Everything in the listing except the pictures should be written out exactly.

Available data:
=== Begin Enclosure ===
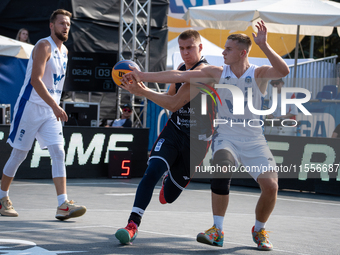 Wiktor Kepka and Kacper Ponitka participate in the LOTTO 3x3 League basketball game in Sosnowiec, Poland, on September 7, 2024. The Lotto 3x...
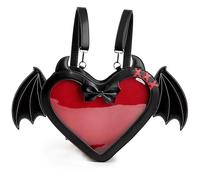 fancybag Zaino da donna in stile gotico a forma di cuore con ali di pipistrello, con finestra trasparente, 3 modi, convertibile, accessorio Kawaii gotico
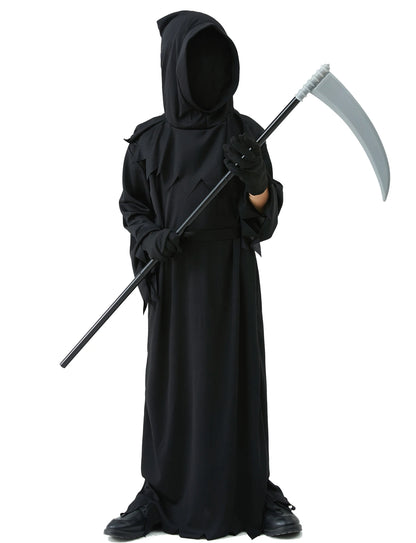 Halloween Grim Reaper Horror Costume Black Hooded Spooky Ghost Robe Dress Up Costume Adult - View 6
=== End Enclosure ===
Result:
 Wiktor Kepka and Kacper Ponitka participate in the LOTTO 3x3 League basketball game in Sosnowiec, Poland, on September 7, 2024. The Lotto 3x...
 fancybag Zaino da donna in stile gotico a forma di cuore con ali di pipistrello, con finestra trasparente, 3 modi, convertibile, accessorio Kawaii gotico
 Halloween Grim Reaper Horror Costume Black Hooded Spooky Ghost Robe Dress Up Costume Adult - View 6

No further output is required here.